Most classifiers are performing very well. We will move on to building the recommender that will classify an input. Likely will include a topic comparison to verify the classifier's accruacy.

In [17]:
def create_fav_data(fav_info):
    vect = TfidfVectorizer(lowercase=False, 
                          stop_words=None,
                          ngram_range=(1, 1), 
                       
                          min_df=1,
                          max_features=None, 
                          vocabulary=None, 
                          binary=False)
    fav_plot = vect.fit_transform(fav_info.Plot)
    info = create_data(fav_plot,fav_info, 'Comedy')
    return info.drop(columns=['isGenre'])

def get_movie_info(titles):
    importlist = titles
    
    #Define crawler and processer
    class ImportSpider(scrapy.Spider):
        name = "ImportedMovie"
        start_urls=[]

        # Initiating Start URLs
        for i in range(len(importlist)):
            item = str(importlist[i])
            start_urls.append('http://www.omdbapi.com/?apikey=236b0bfb&r=xml&plot=full&t={}'.format(item))
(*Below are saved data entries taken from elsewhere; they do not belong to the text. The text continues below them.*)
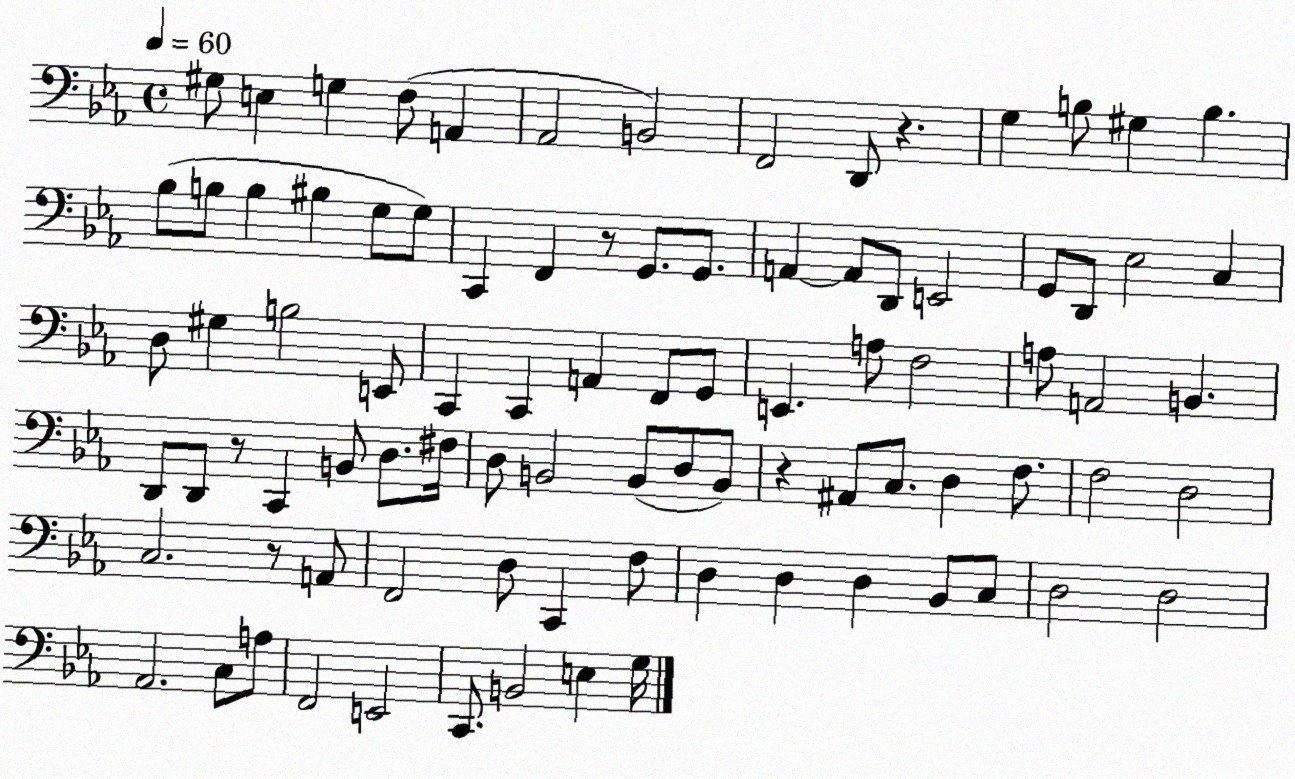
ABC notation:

X:1
T:Untitled
M:4/4
L:1/4
K:Eb
^G,/2 E, G, F,/2 A,, _A,,2 B,,2 F,,2 D,,/2 z G, B,/2 ^G, B, _B,/2 B,/2 B, ^B, G,/2 G,/2 C,, F,, z/2 G,,/2 G,,/2 A,, A,,/2 D,,/2 E,,2 G,,/2 D,,/2 _E,2 C, D,/2 ^G, B,2 E,,/2 C,, C,, A,, F,,/2 G,,/2 E,, A,/2 F,2 A,/2 A,,2 B,, D,,/2 D,,/2 z/2 C,, B,,/2 D,/2 ^F,/4 D,/2 B,,2 B,,/2 D,/2 B,,/2 z ^A,,/2 C,/2 D, F,/2 F,2 D,2 C,2 z/2 A,,/2 F,,2 D,/2 C,, F,/2 D, D, D, _B,,/2 C,/2 D,2 D,2 _A,,2 C,/2 A,/2 F,,2 E,,2 C,,/2 B,,2 E, G,/4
        # Identifying the information we want from the query response and extracting it using xpath.
        def parse(self, response):
            for item in response.xpath('//movie'):
                # The ns code identifies the type of page the link comes from.  '0' means it is a Wikipedia entry.
                yield {
                        'Title': item.xpath('@title').extract_first(),
                    'Year': item.xpath('@year').extract_first(),
                    'Genre': item.xpath('@genre').extract_first(),
                    'Rating': item.xpath('@imdbRating').extract_first(),
                    'Plot': item.xpath('@plot').extract_first()

                }
            
    process = CrawlerProcess({
    'FEED_FORMAT': 'json',
    'FEED_URI': 'ImportedData.json',
    # Note that because we are doing API queries, the robots.txt file doesn't apply to us.
    'ROBOTSTXT_OBEY': False,
    'USER_AGENT': 'ThinkfulDataScienceBootcampCrawler (thinkful.com)',
    'AUTOTHROTTLE_ENABLED': True,
    'HTTPCACHE_ENABLED': True,
    'LOG_ENABLED': False   
    })
    
    #Delete file if it already exists
    if os.path.exists('ImportedData.json'):
        os.remove('ImportedData.json')
    
    
    process.crawl(ImportSpider)
    process.start()
    
    info = pd.read_json('ImportedData.json')
    data = create_fav_data(info)
    return data

In [18]:


classifiers = [("Comedy", rfc_com), ("Horror", rfc_hor),("Family", rfc_fam),("Action",rfc_act),\
              ("Crime", rfc_cri),("Drama",rfc_dra),("History",rfc_his),("Romance",rfc_rom),\
              ("Science Fiction",rfc_sf),("Thriller",rfc_thr),("Western",rfc_wes)]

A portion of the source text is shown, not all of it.